- Records provided
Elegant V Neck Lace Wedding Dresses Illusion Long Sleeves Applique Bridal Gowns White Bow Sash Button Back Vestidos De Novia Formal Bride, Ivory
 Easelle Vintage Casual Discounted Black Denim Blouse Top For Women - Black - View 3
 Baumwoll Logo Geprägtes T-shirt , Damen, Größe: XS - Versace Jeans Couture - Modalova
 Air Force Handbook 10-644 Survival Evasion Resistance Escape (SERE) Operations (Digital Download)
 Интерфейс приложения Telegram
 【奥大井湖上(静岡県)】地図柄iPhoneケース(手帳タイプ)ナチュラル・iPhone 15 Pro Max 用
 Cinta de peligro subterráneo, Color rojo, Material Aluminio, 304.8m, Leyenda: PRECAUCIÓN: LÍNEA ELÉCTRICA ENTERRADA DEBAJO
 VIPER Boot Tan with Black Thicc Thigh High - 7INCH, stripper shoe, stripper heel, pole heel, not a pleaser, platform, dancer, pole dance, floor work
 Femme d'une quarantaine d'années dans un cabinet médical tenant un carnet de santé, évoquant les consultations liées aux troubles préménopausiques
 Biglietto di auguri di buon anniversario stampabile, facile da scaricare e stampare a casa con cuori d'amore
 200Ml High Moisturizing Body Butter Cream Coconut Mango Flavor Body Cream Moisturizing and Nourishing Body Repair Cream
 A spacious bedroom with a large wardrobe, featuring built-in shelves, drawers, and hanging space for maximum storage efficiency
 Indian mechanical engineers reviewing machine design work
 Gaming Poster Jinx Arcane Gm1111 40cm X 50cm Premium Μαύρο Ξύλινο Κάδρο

- Assigned task
From the records above, copy out the line with "Cinta de peligro", the line with "200Ml High Moisturizing", and every line between them, word for word.

- Exercise response
 Cinta de peligro subterráneo, Color rojo, Material Aluminio, 304.8m, Leyenda: PRECAUCIÓN: LÍNEA ELÉCTRICA ENTERRADA DEBAJO
 VIPER Boot Tan with Black Thicc Thigh High - 7INCH, stripper shoe, stripper heel, pole heel, not a pleaser, platform, dancer, pole dance, floor work
 Femme d'une quarantaine d'années dans un cabinet médical tenant un carnet de santé, évoquant les consultations liées aux troubles préménopausiques
 Biglietto di auguri di buon anniversario stampabile, facile da scaricare e stampare a casa con cuori d'amore
 200Ml High Moisturizing Body Butter Cream Coconut Mango Flavor Body Cream Moisturizing and Nourishing Body Repair Cream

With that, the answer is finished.